Pardonnez-moi, j’ai eu peur. Et la peur est mauvaise conseillère. Alphonse Daudet n’écrivit-il pas : « Où serait le mérite, si les héros n'avaient jamais peur? »? Vous voyez bien que la mine sourcilleuse de notre vieux-nouveau président n’augure rien de bon. Nos dirigeants sont tellement revanchards. Ils sont capables de toutes les horreurs. Rappelez-vous Melouza. Leurs sourires gênés cachent mal leur haine de l’élite bien pensante. Je ne veux pas faire partie des milliers d’Algériens errants aux quatre coins du globe. Je tiens tant à mon passeport et à ma carte d’identité. Je ne veux certainement pas partager le sort des pieds-noirs. Mon cœur ne tiendrait pas le coup.
Compatriotes, j’ai succombé aux images de la télévision officielle, notre chère ENTV, l’ex-RTA pour les anciens. Comme notre vieillard de président, de l’immeuble inauguré à Ouled Yaich, je n’ai vu que la façade nouvellement peinturée.
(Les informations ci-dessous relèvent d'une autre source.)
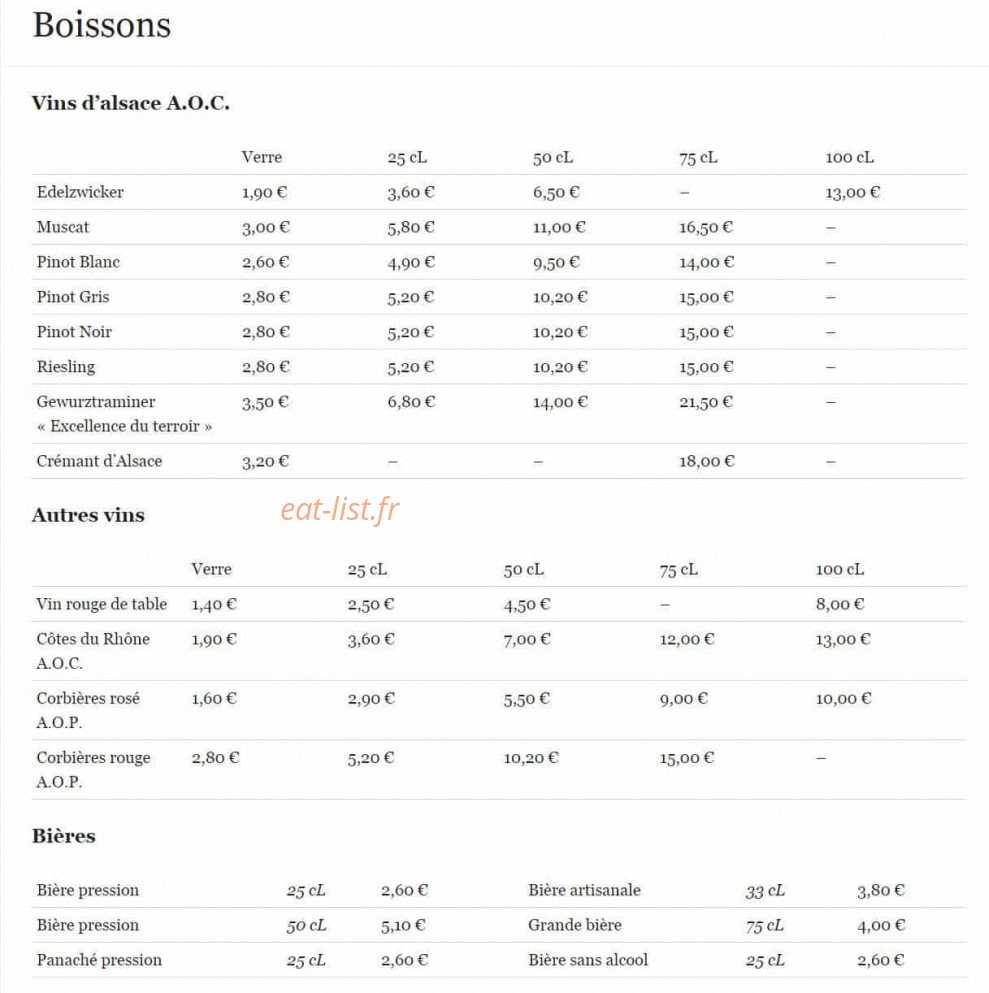 Ferme Auberge du  Hahnenbrunnen — carte page 1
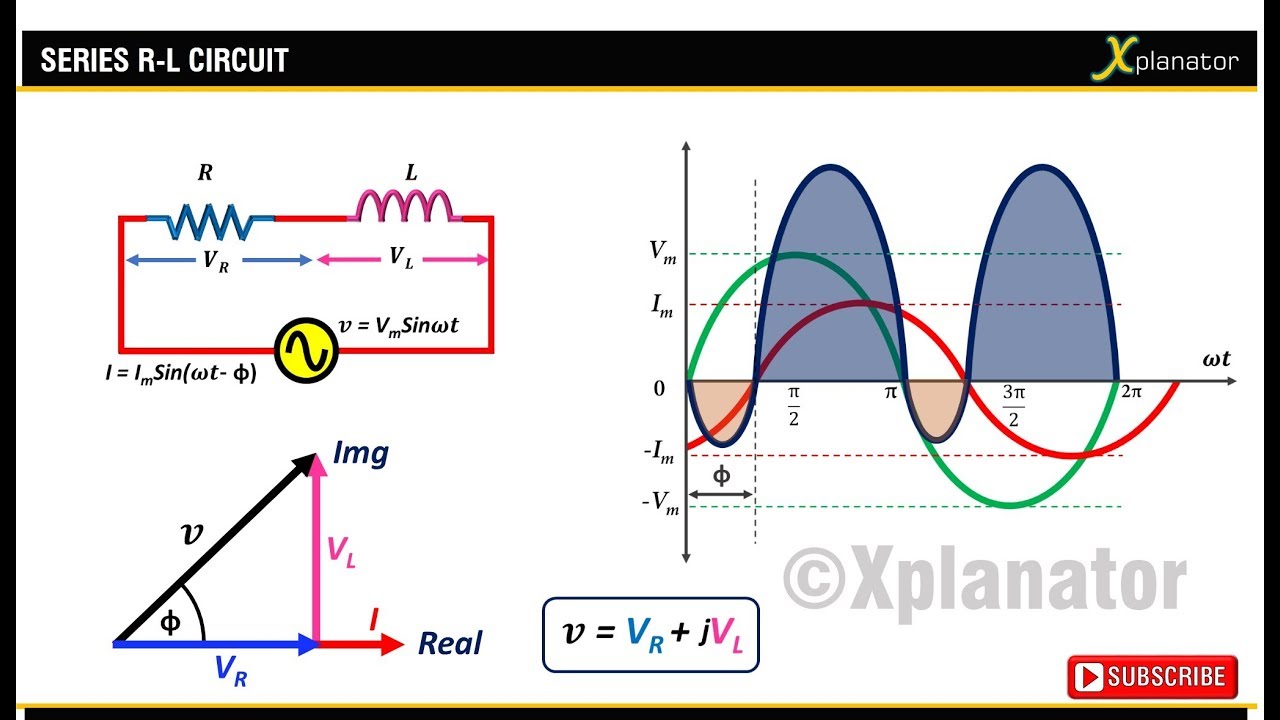 SERIES RL and AC supply : CURRENT | POWER | PHASOR DIAGRAM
À force de nous bombarder d’images de notre rais, je n’ai pas eu le temps de retenir le nom d’un quelconque lièvre. La seule candidate, disciple ratée de Trotski, m’a paru malhonnête. D’ailleurs, Trotski aussi l’était.  J’avais compris que, le président parti, c’est la guerre qui nous attend. Le dernier gage de stabilité s’évaporerait comme du camphre. Les lièvres allaient se dévorer. Le peuple se préparait à un hara-kiri collectif. 

Pardonnez-moi, il me semblait que boycotter était un acte dont seuls les mécréants en étaient capables; un acte abject contraire aux lois terrestres et divines. C’est ce qu’on m’a dit. Vous savez : c’est un mot que j’ai rarement entendu. À la SONACOTRA, on opère avec un autre jargon. Le boycott, ça fait trop Mai 68.  
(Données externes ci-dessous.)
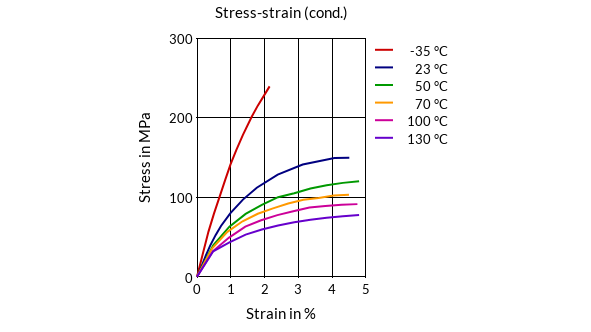 DSM Engineering Materials Akulon K224-G0 Stress-Strain (cond.)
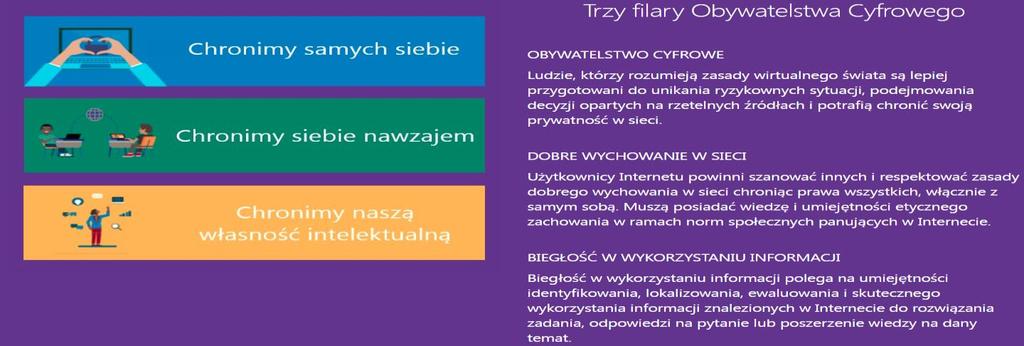 Przedstawiać swoim uczniom zarówno korzyści jak i ryzyko korzystania z Internetu i pomogą im w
En guise de rédemption, je vous promets que, dorénavant, je boycotterai ceux qui m’ont berné et gardé dans l’ignorance. Durant les cinq années à venir, je ferai du boycott une mission et du noir ma couleur. Je boycotterai le président, sa république bananière, le ministère de l’Intérieur, l’ENTV, El Moudjahid et la panoplie de journaux bidon qui ont poussé comme des champignons, ainsi que toutes les mascarades à venir. Je rejetterai une amnistie qui s’apparente plus à de l’amnésie. Je me détournerai des slogans manipulateurs qui ont fait florès tels « Hizb França », « Traîtres à la Nation » et je ne sais quoi…À ces étiquettes haineuses, je répondrai : Je boycotte, donc j’existe!
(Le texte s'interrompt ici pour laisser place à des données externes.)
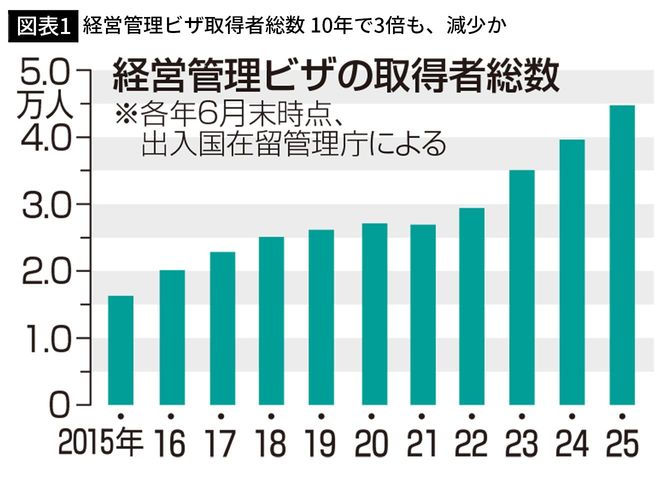【図表1】経営管理ビザ取得者総数 10年で3倍も、減少か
Je vous promets de ne plus jamais ouvrir un livre de Yasmina Khadra. J’ai toujours eu une aversion pour la langue de bois, surtout quand il s’agit d’absoudre un gars de sa région de ses crimes et maladresses. Il n’y aura pas de place dans ma bibliothèque aux équilibristes sans scrupules. Les mégalomanes peuvent causer la perte de toute une nation. Boualem Sansal et ses magnifiques oeuvres suffiront à mon bonheur.
Aussi longtemps que durera la culture de l’impunité et de l’arbitraire, je serai lucide. Promis.